Freedom News
The Pergamon: The morning dream

The Pergamon: The morning dream

In the summer of 2022, I gained insight into the British penal system when I was jailed for a month following direct action against Elbit—this is my prison diary (pt.6)

In the summer of 2022, I gained insight into the British penal system when I was remanded to Her Majesty’s Prison Eastwood Park. I was sent to jail for one month along with eight other activists following direct action in Bristol against Elbit Systems, Israel’s largest private arms company. During the month I spent in the penitentiary, I documented everything I saw, heard, felt, and thought as a form of resistance. This is my prison diary (pt.6).

May 29th 2022

I’ve decided to accept Frankl’s advice and not try to change my fate but accept it. There’s no point in actively go against the micro-decisions made for me by the jailers. When transferred to the general department, I wish to be in my own cell, but I give up the idea of asking for special consideration. Although I’ve written the application to have my own cell, I have not yet submitted it because I’m unsure whether it would improve my condition. If accepted, I may be transferred to Res 3 where there are signal cells, but the prisoners there are considered “rougher” – poor Lucia, the nose breaker, got sent there. This is why it’s better to let fate guide my way and I trust that I’d deal with everything that I might face in here. No fate, no pain is not too hard to bear, Epicurus teaches. Bodily pain cannot last forever; the peak is present only for a brief period, for if the body could not bear it, that pain would not have been dealt to man.

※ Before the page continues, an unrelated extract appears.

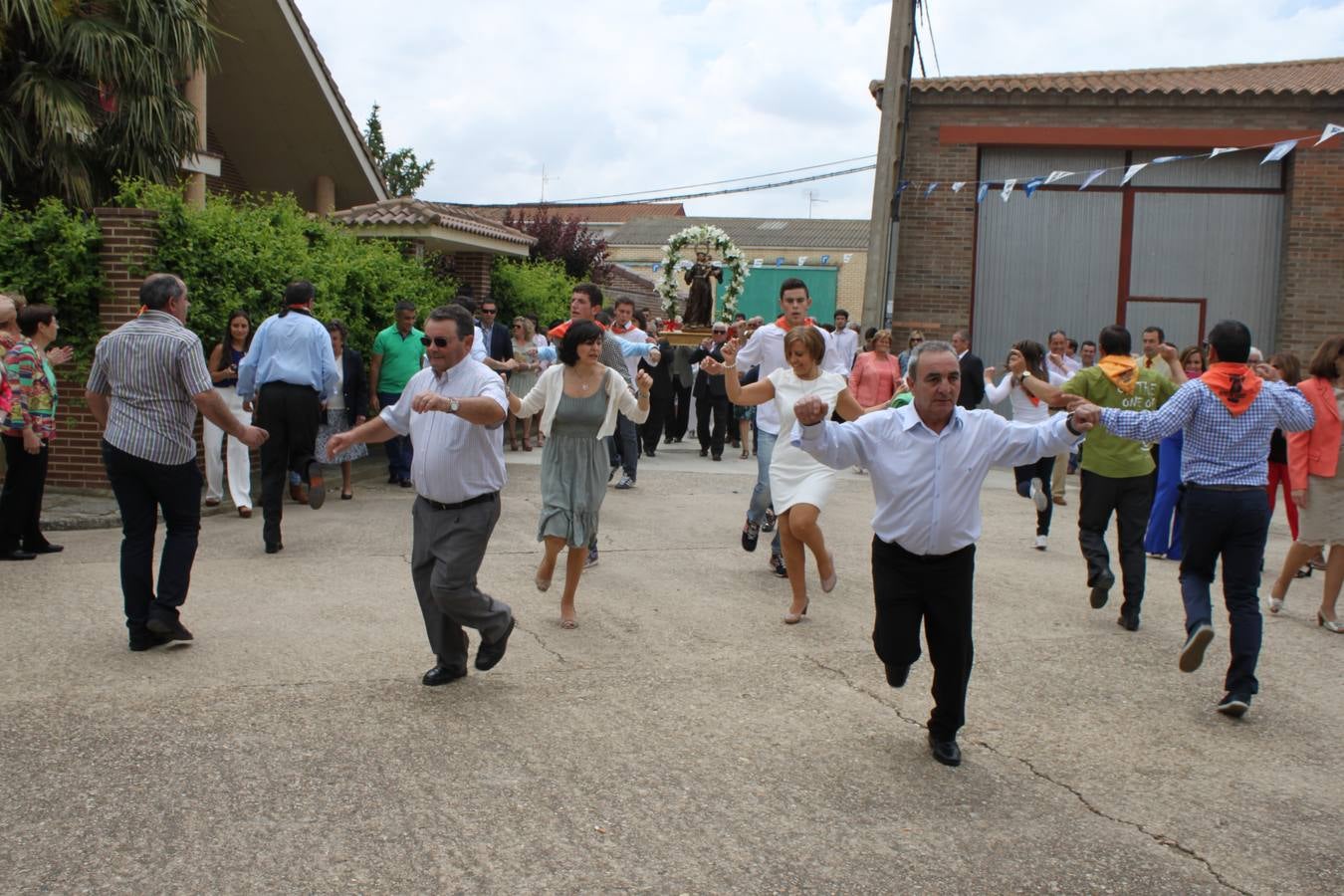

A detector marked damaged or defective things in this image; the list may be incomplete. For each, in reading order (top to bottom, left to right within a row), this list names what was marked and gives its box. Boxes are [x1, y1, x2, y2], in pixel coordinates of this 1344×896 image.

crack in pavement [800, 652, 1252, 896]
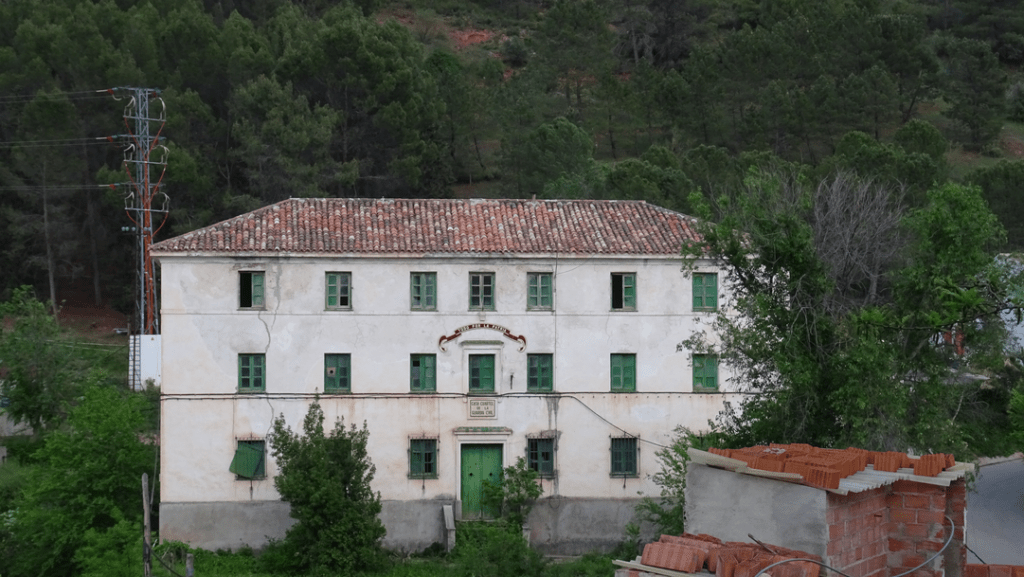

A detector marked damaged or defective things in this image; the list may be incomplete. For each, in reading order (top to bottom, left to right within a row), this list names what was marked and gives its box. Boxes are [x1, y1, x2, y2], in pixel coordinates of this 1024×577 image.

peeling plaster wall [157, 254, 737, 549]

Outside my window, everything looks as pastoral as a 17th-century Dutch painting. The light strikes me in its beauty, as if I see everything for the first time. The trees, fields, clouds, and hills – my mind can truly see them now.

The never-ending buzzing stopped disturbing me. I’ve discovered true peace here in prison. I don’t even have the desire to escape because here is where I need to be. For the first time, my identity is aligned with my external reality and status as a prisoner. It’s been two weeks since I’ve come to terms with that fact. Yes, they’ve sent us to prison, to kalabush. “We’ll spend some time here”, as R wrote on a piece of paper at the Magistrate court before we got sent away. Now there’s nothing left for me to do but to give myself to fate, to give in to whatever happens, knowing that sufferings that have meaning ceases to be painful. White roses also have spikes. I send him [R] white roses to wear as crown to his head.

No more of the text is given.